It has been tough going for Bruce Buschel, a writer and restaurateur hopeful. For the better part of a year Buschel has attempted to open Southfork Kitchen — a barn-style, seafood-oriented eatery on the Bridgehampton Turnpike at the site of the former Wild Rose Café.
From finding a chef and creating a logo to navigating the county and town permitting process, Buschel chronicles every inch of his journey for a column which appears on the New York Times website blog titled “You’re the Boss.” On August 26, it was that time in the start-up process for Buschel to muse on the travails of installing, and garnering town approval, for a sign.

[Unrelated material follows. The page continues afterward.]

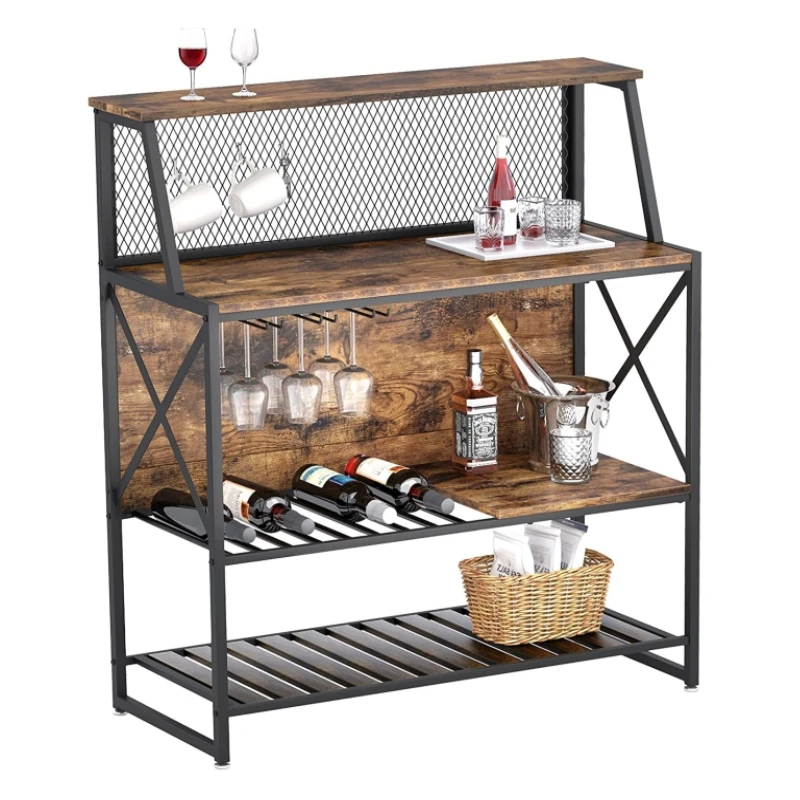 Living Room Household Floor-to-Ceiling Retro Multi-Layer Wine Rack 0699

“A restaurant needs a sign. The one I have in mind will have black lower-case letters painted on a piece of Philippine mahogany with a little light above it. It will stand in front of the building, in the garden, two-sided so you can see it when traveling north and south … It will say Southfork Kitchen. That’s the name of the restaurant,” Buschel opined in his piece. “But first, a permit is needed.”

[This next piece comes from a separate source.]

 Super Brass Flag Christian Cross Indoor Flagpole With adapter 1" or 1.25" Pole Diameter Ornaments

“For one sign with two words, I will need a designer, an electrician, an engineer, a painter, a sign company, a construction team, wood posts, wood panels, paint, bolts, lights, a bag of cement, and a lawyer …,” wrote Buschel detailing the manpower and materials required for this small aspect of his larger project.
Buschel received a bit of good news from the Southampton Town Planning Board on Thursday, September 2, when it unanimously approved his sign (without board member Jacqui Lofaro who was absent). In addition, Buschel was allowed to make certain amendments to the site plan including forgoing two rear windows in favor of two barn doors. The planning board also allowed Buschel to eliminate a maintenance bond requirement from the original site plan approval and change the landscape plan to knock out one tree, which will provide more sunlight for the front garden.
In the process of retelling his tribulations, or imparting advice, on his blog, Buschel has gained many followers. Some call Buschel’s entries amusing, funny, and spot-on. While others have been drawn to scorn Buschel’s insights. A few were even so impassioned as to start a Facebook page named “Boycott Bruce Buschel’s Restaurant.” Buschel’s particular post, which elicited this fervor, was a two-part October 2009 piece on his “100 Things Restaurant Staffers Should Never Do.” The column has received 1,158 comments thus far.
Buschel had expected to open the doors of his rustic restaurant by July and hoped to draw in the summer crowds, but it appears life and other mishaps got in the way.
“‘You’re giving birth … Don’t force it. It will happen in its own good time. Now get back to work,’” Buschel quoted a public relations maven as saying when he realized that his business wouldn’t be ready when he had hoped.
“Even as I hyperventilate like a crazed Lamaze mama, one question echoes down each inhalation: Where did I go wrong?” Buschel asks himself, giving a series of answers, “I was green … I was optimistic … I thought the announcement of a certain date in a public forum would rally the troops and realign the stars … I was blindsided by last-minute changes … [and] I did not understand bureaucracy.”
In a post from last Wednesday, September 1, Buschel recounted a hectic day in late August, which didn’t bode well for the project launching before the end of summer. Rain interrupted scheduled asphalt work, which in a domino effect would ultimately delay his ability to get a liquor license any time soon. Two refrigerator motors were fritzed out. Replacements needed to be ordered. A request to the town for a 30-day extension of his construction permit was reportedly refused, requiring him to pay $2,300 for a time period of six months of additional work.
Despite these numerous delays and headaches, Buschel appears to still keep his spirits somewhat level. He rationalizes, “Personally, I am starting to suspect a conspiracy, but my better angels tell me not to take any of this day personally lest drastic and indubitably self-destructive actions would ensue.”
Buschel has yet to update eager readers on when the new opening day for his restaurant will be.